Eliminating the Lack of Diversity in Text to Speech

March 2, 2022

The science that goes into making machines talk like humans is very complex because our speech patterns are so nuanced. So, it’s not surprising that it has taken well over 200 years for AI voices to get from the first speaking machine—which was able to simulate only a few recognizably human utterances—to a Samuel L. Jackson voice clone delivering the weather report on Alexa today. Talking assistants like Siri, Google Assistant, and Alexa, now sound more human than before. Thanks to advances in AI, we’ve reached a point where it’s sometimes difficult to distinguish synthetic voices from real ones.

Despite such innovative developments, there still exist disparities in these text to speech (TTS) systems. Specifically, in how certain accents and words in particular languages are delivered. For example, voice AI mispronounces words in many Asian, African, and Latin languages. In fact, researchers at Stanford University recently published a study in which they reported findings from researching five automatic speech recognition systems. The average word error rate for white subjects was 19 percent compared to 35 percent for black subjects speaking in African-American Vernacular English.

So, why does such bias still exist in TTS systems?

While there are numerous possible reasons, a major cause boils down to the bias that prevails in the algorithms powering these TTS services. Many TTS systems are trained on limited sets of data, making them less effective. For example, the most commonly used dataset for TTS is, LibriSpeech, a corpus of approximately 1000 hours of 16kHz read English speech. The data for LibriSpeech is derived from read audiobooks from the LibriVox project and has been carefully segmented and aligned. Although LibriSpeech was started in 2015 and LibriVox in 2005, respectively, the majority of the books used for the audio recordings were written in the 19th century and before. This, in essence, means there certainly exists bias in terms of the lack of characters of color in these stories. Furthermore, the speakers that contributed to the LibriVox project recordings were not necessarily African Americans, Latinos, or Asians.

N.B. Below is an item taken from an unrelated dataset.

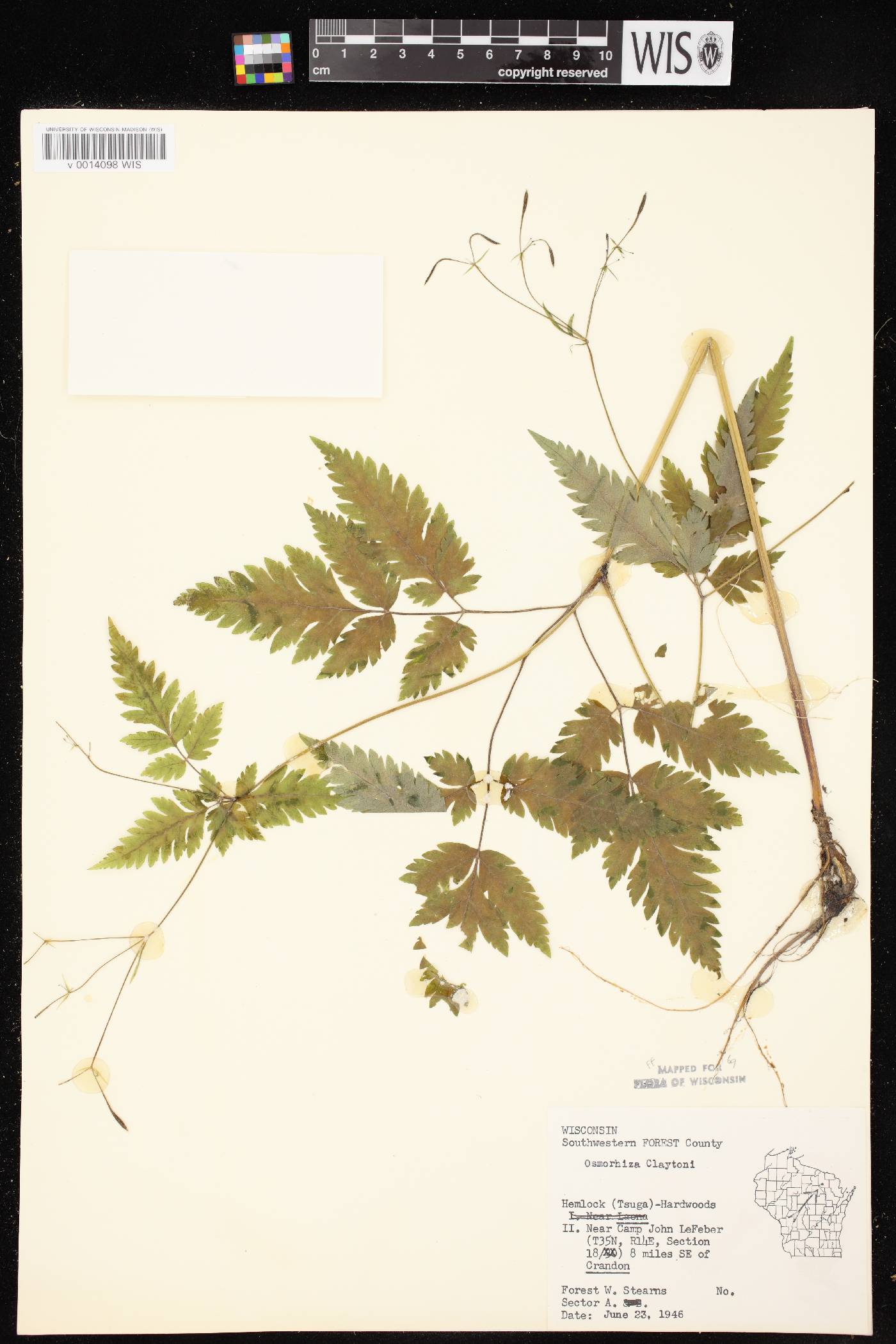 Osmorhiza claytonii image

Moreover, LibriVox contains enough English content for a speech processing corpus, LibriSpeech, to be built from it but the same cannot be said for other languages. To state facts, LibriVox comprises over 60 thousand hours of content for English but comparatively less for other languages such as Greek, Latin, Japanese, and more. Another more recent dataset used by these voice AI systems, LibriTTS, addresses this issue.

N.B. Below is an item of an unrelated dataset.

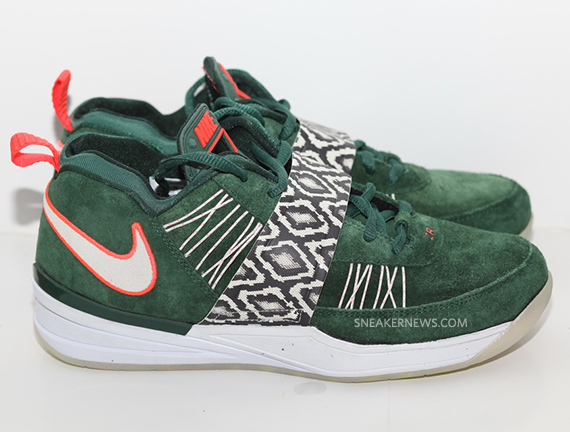 nike zoom revis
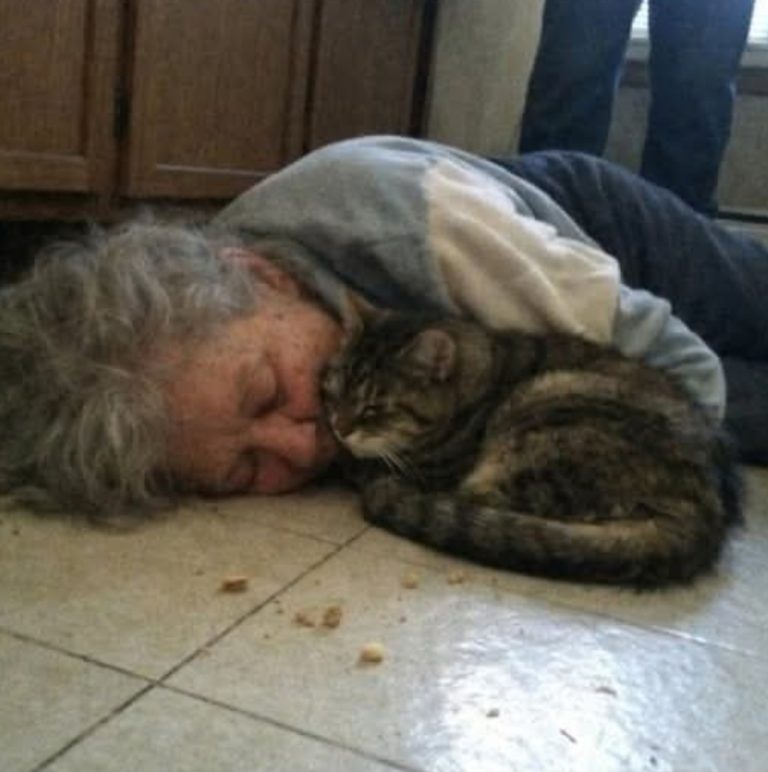 💔 She Was Left Alone for Days… But Something Warm Never Left Her Side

LibriTTS is designed explicitly for text to speech. The new speech corpus is derived from the original audio and text materials of the LibriSpeech corpus and inherits the desired properties of the LibriSpeech corpus. LibriTTS corpus consists of 585 hours of speech data at a 24kHz sampling rate from 2,456 speakers and the corresponding texts. Despite the profusion of speech data through these datasets—among others, it is nevertheless difficult to find datasets that allow training the models on prosodic and emotional aspects. This serves as a second major hindrance.

There must be a large amount of clean speech data from one speaker to train an end-to-end speech synthesizer from scratch which is not available for several low-resource languages. Besides, there is also an inadequacy of a reliable text normalization front-end and lexicon for these languages, which means phonemes are also not available for that particular text.

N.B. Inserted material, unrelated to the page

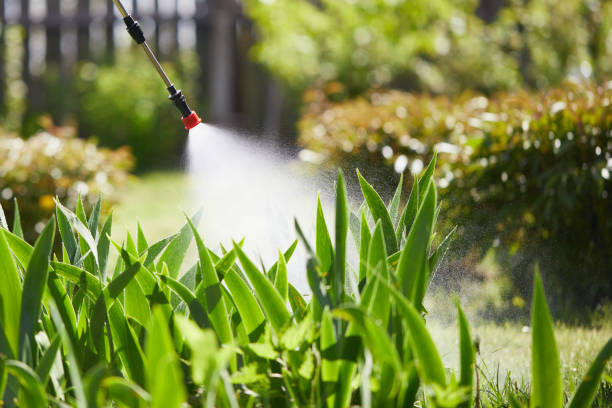 24/7 Emergency Mosquito Control experts in Rancho San Diego, CA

A third issue lies in the way the TTS systems are trained to recognize sound. At the phoneme level, these AI systems are tied to the phoneme set of the language a voice is built from. This is usually because modern speech synthesizers use recorded voice samples in a diphone database, allowing them to sound more natural. As a result, the phoneme set is restricted to the voice's language.

Correct prosody and pronunciation analysis from written text is also a major challenge today. Written text contains no explicit emotions and pronunciation of certain words is sometimes very anomalous. At a low-level synthesis, the discontinuities and contextual effects in wave concatenation methods are the most problematic.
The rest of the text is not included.